Que el día 11 de noviembre, la presidenta del PP catalán anunciara que la “fiscalía superior de Calalunya” tenía ultimada una querella contra Artur Mas con “bases muy sólidas” y que “se puede hablar de tres tipos de delitos”, es, cuando menos, una intolerable intromisión del ámbito político en el campo judicial.
Que representantes del ministerio público en Catalunya, un día después – el 12- denunciaran graves presiones del Gobierno español para acelerar una demanda contra el presidente catalán, era, igualmente, un indicio preocupante de la vulneración del principio de separación de poderes, propio de todo sistema democrático.
Que, Carlos Floriano acusara a los fiscales catalanes de “estar contaminados por el ambiente nacionalista” tras conocerse su negativa a presentar demanda alguna por no encontrar fundamento jurídico, era una nueva bofetada del PP a la independencia jurisdiccional.

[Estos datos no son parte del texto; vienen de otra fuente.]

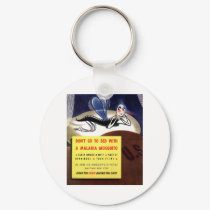 WWII Malaria Mosquito keychains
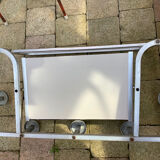 Coat rack aluminum 1970s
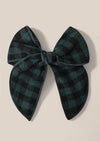 Green Check Christmas Fable Bow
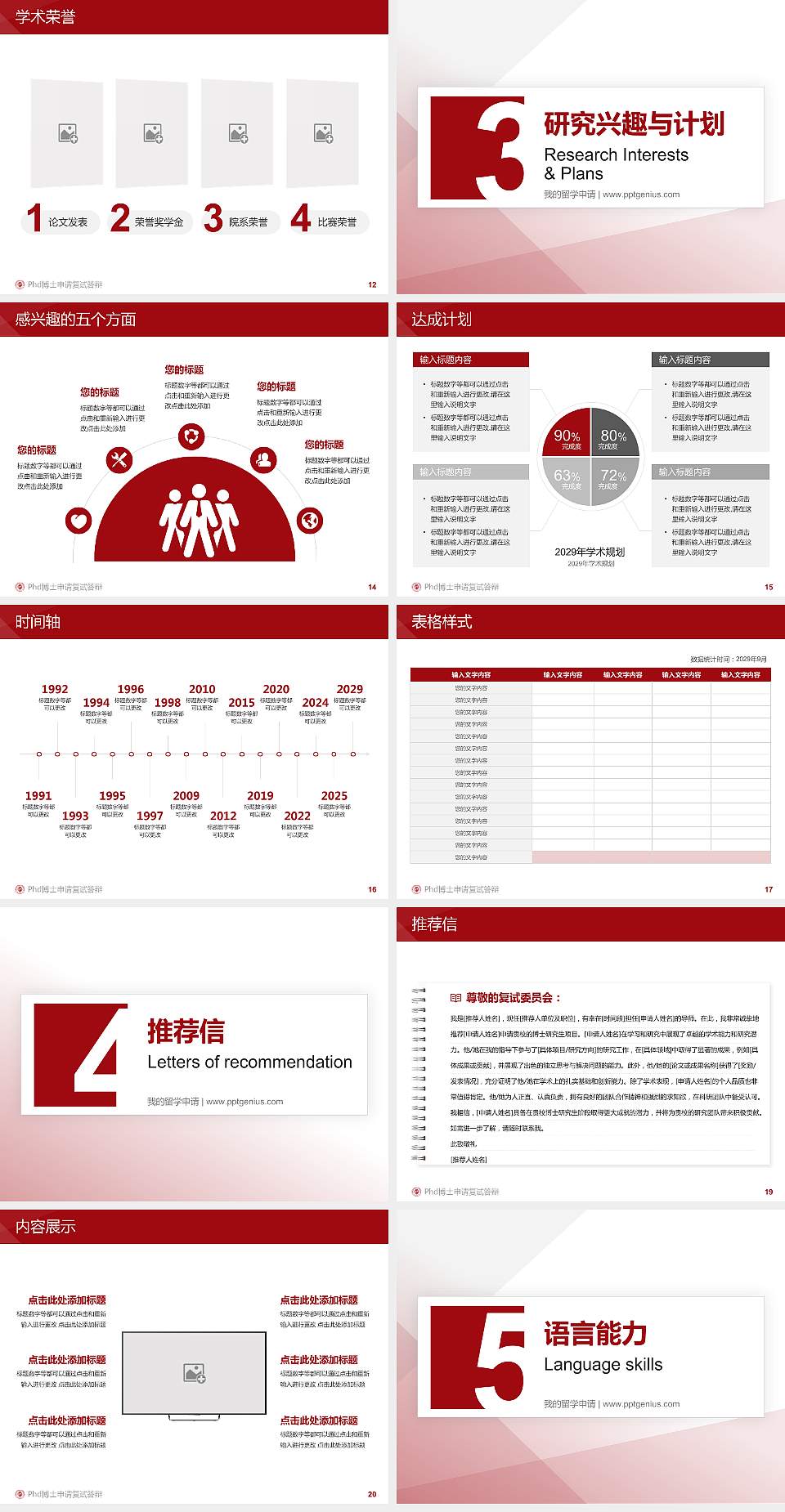 中国石油大学（北京）克拉玛依校区PhD博士申请面试/复试答辩通用PPT模板4:3格式幻灯片预览图3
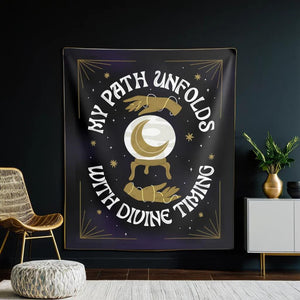My Path Unfolds With Divine Timing Tapestry | Goddess Provisions
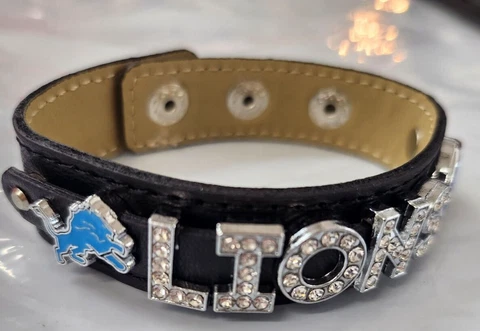 Detroit lions slide Charm Bracelet / Football Fan /nfl jewelry /go lions Cover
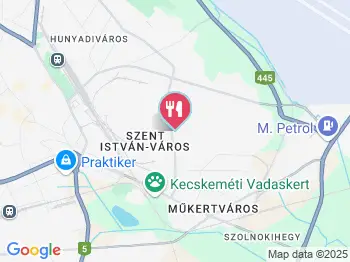 Szőlőfürt Fogadó étterme Kecskemét a térképen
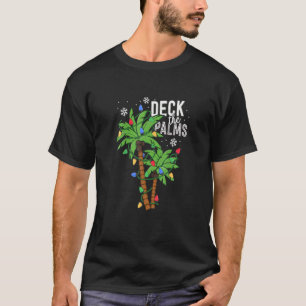 Deck the Palms Tropical Hawaii Weihnachtspalme Tre T-Shirt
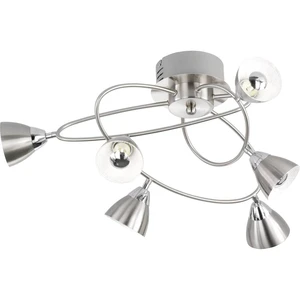 WOFI FRES 9391.06.64.7000 LED stropná lampa 27 W  teplá biela niklová (matná)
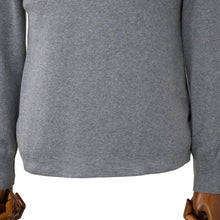 画像をギャラリービューアに読み込む, Blu Bre(ブルブレ)コットン クルーネック ロングスリーブ ニットTシャツ【グレー】国内正規品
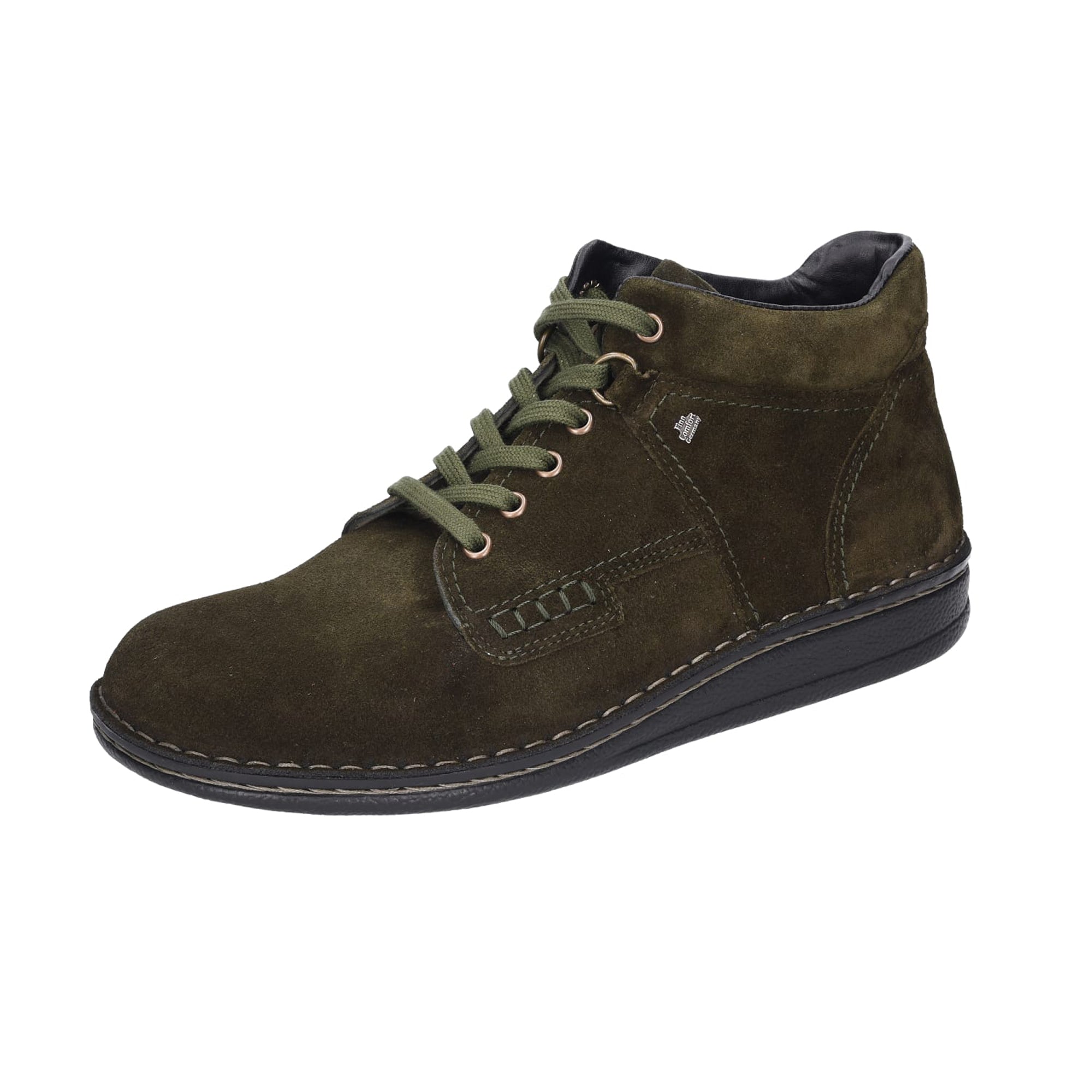 Finn Comfort 01008 Men's Olive Comfortable Walking Shoes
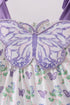 Purple Butterfly Applique Shorts Set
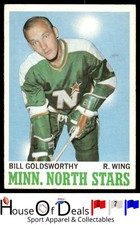 1970-71 Topps #46 Bill Goldsworthy Minnesota North Stars NHL Hockey Card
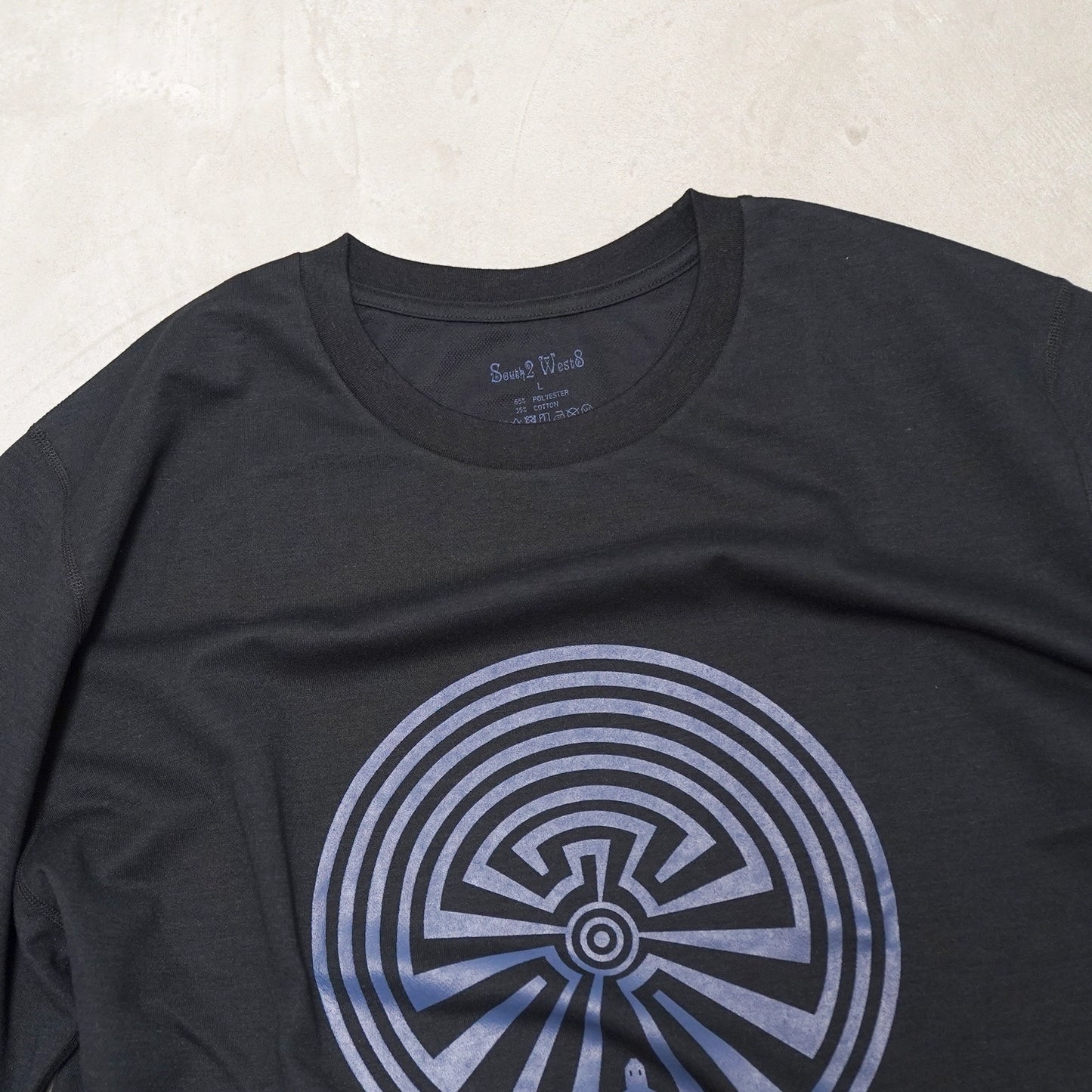 【South2 West8】サウスツーウエストエイト men's S/S Crew Neck Tee - Maze "2Color" ※ネコポス可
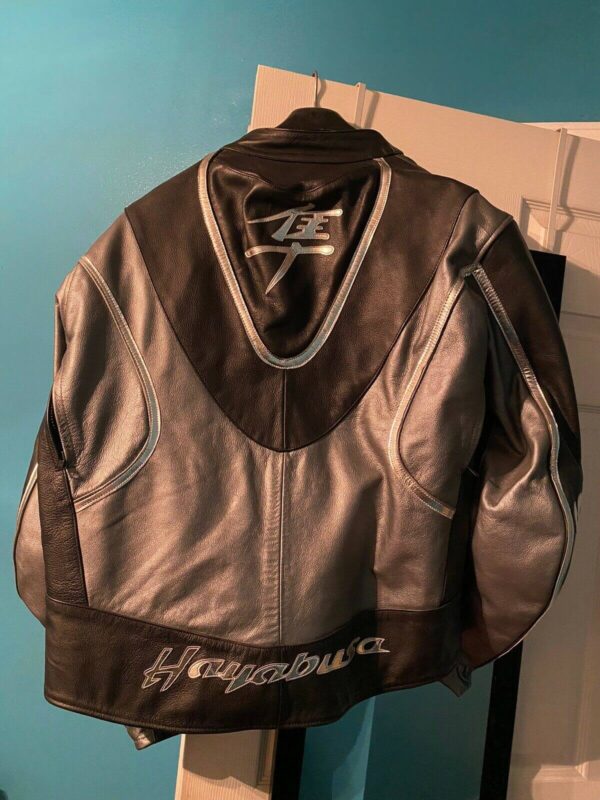 Brown Suzuki Hayabusa Motorcycle Racing Jacket - Image 2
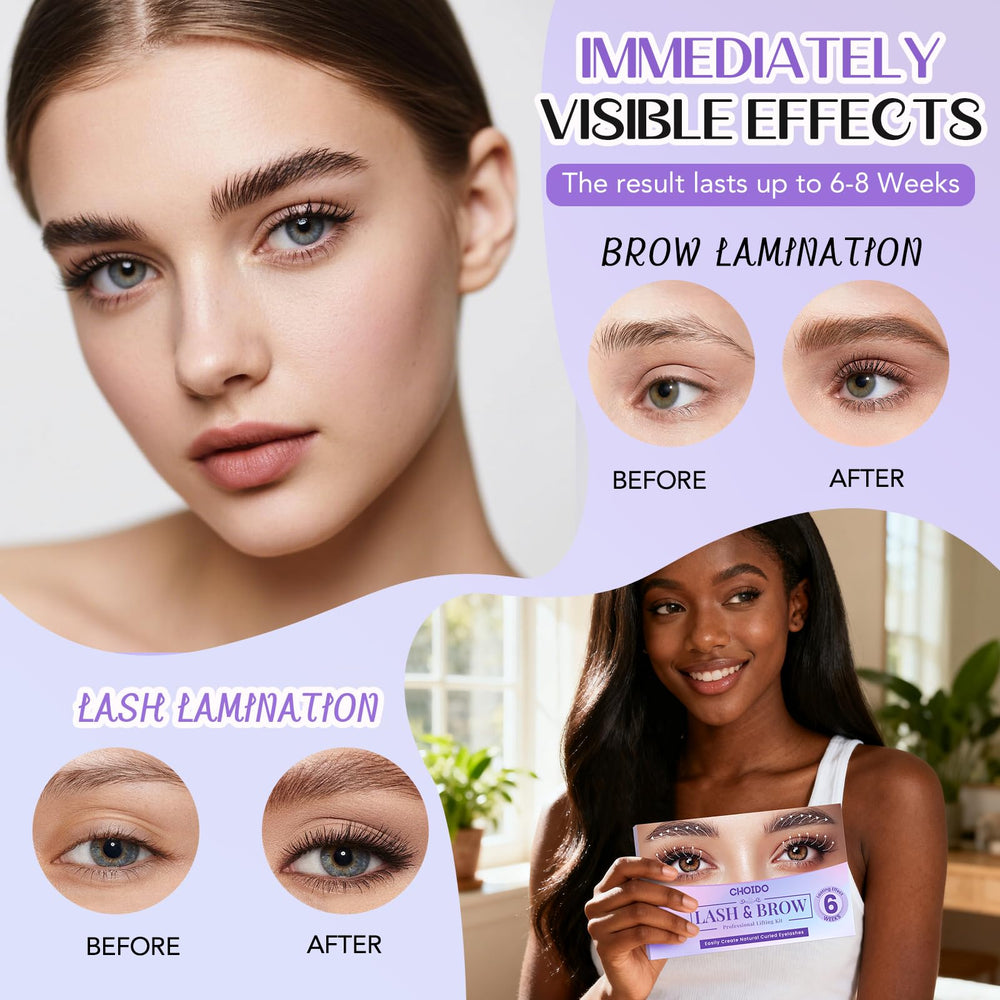 Choido Lash Lift Kit fixation lotion visual emphasizing secure, lasting lash curl.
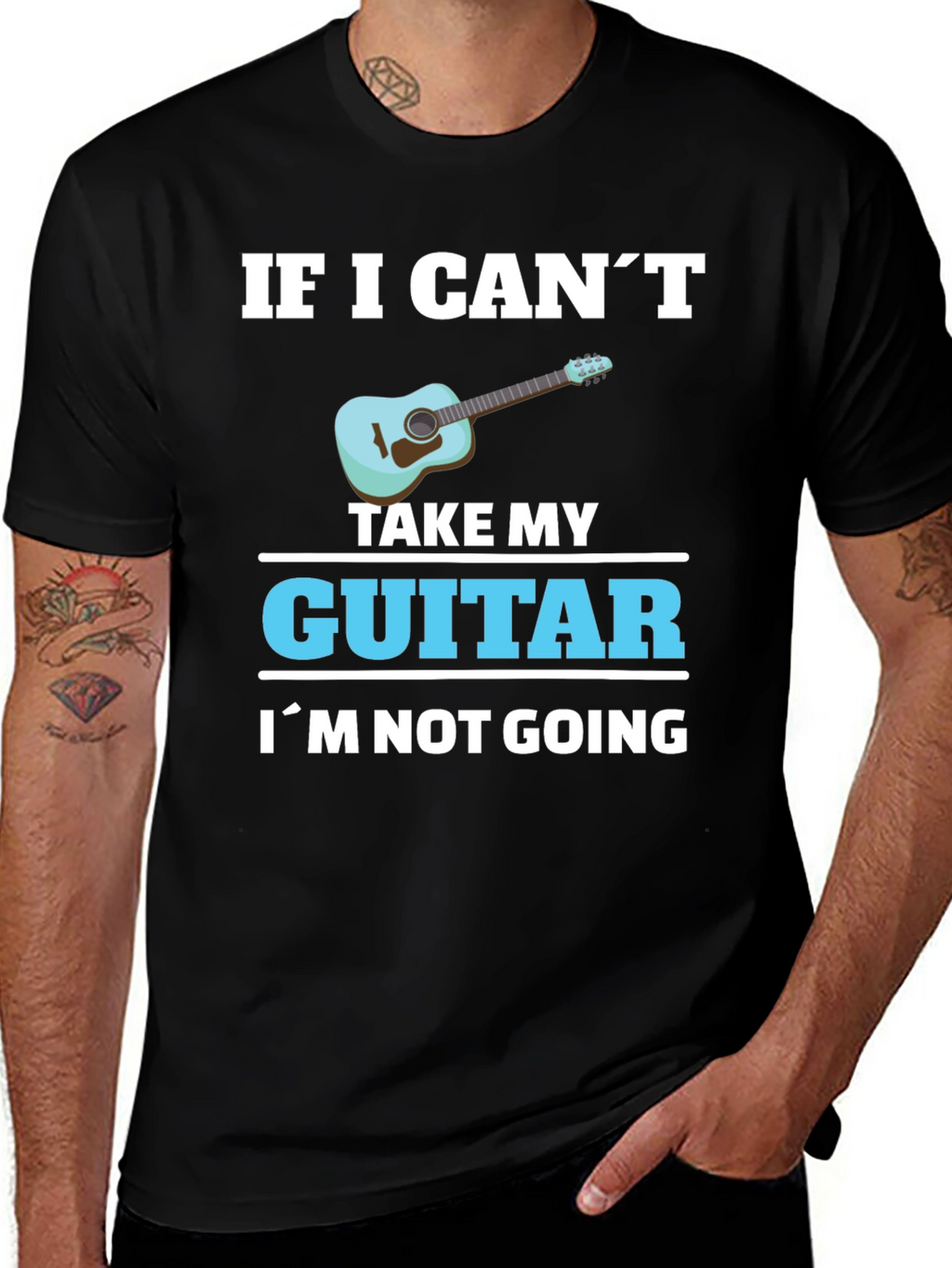 Guitar Lover T-Shirt: If I Cant Take My Guitar...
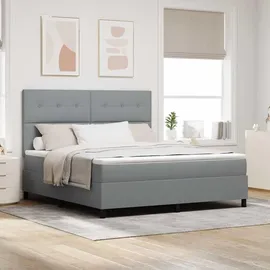 vidaXL Boxspringbett 180 x 200 cm Hellgrau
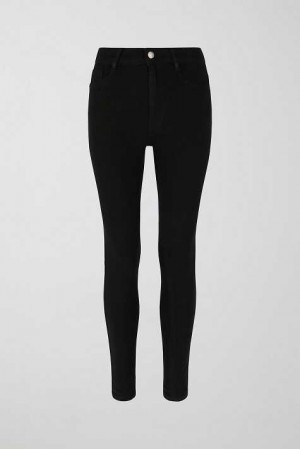 Black Women Gina Tricot Molly Petite High Waist Jeans | 42BGFYPCW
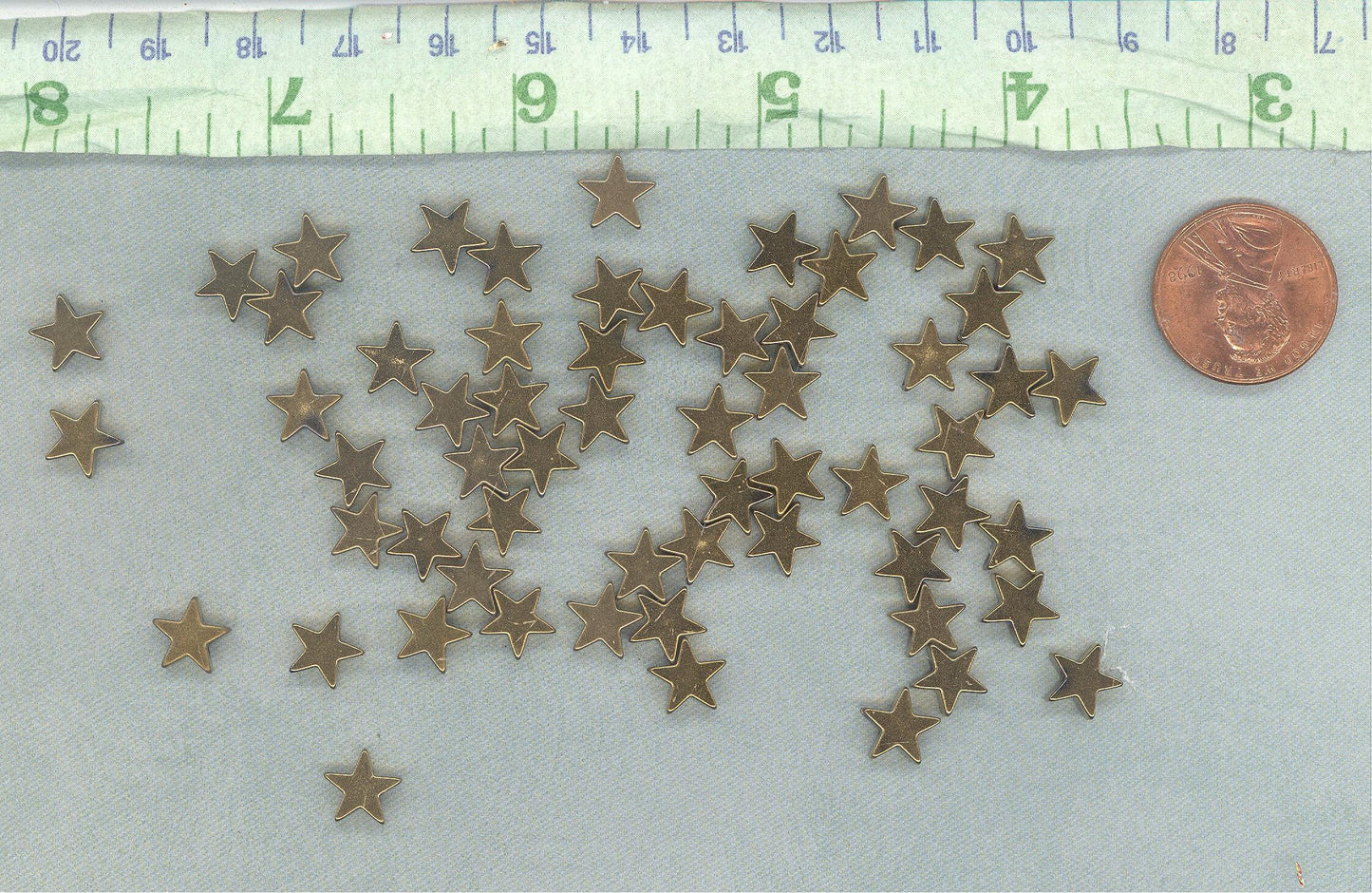 Star Beads - Gold Toned - 8mm - Electroplated Hematite - 20g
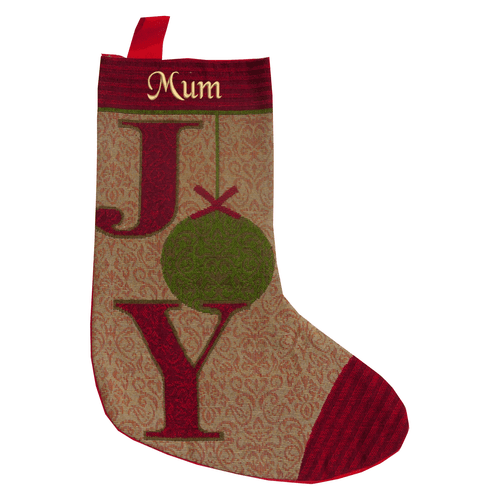 Tapiz personalizado de medias bordadas tradicionales de Navidad de lujo - Imagen 4 de 6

El President Artur Mas y el Fiscal General del Estado, Torres Dulce
Cuando Torres Dulce, Fiscal General del Estado, nombrado directamente por el Consejo de Ministros, huérfano del apoyo de sus subordinados catalanes, buscó el amparo en el órgano consultivo denominado Junta de Fiscales de Sala para legitimar su decisión de denunciar al presidente de Catalunya, - como le pedía el Gobierno español y el PP- , arrastró por los suelos su “independencia” y se convirtió en el brazo ejecutor del poder político gobernante.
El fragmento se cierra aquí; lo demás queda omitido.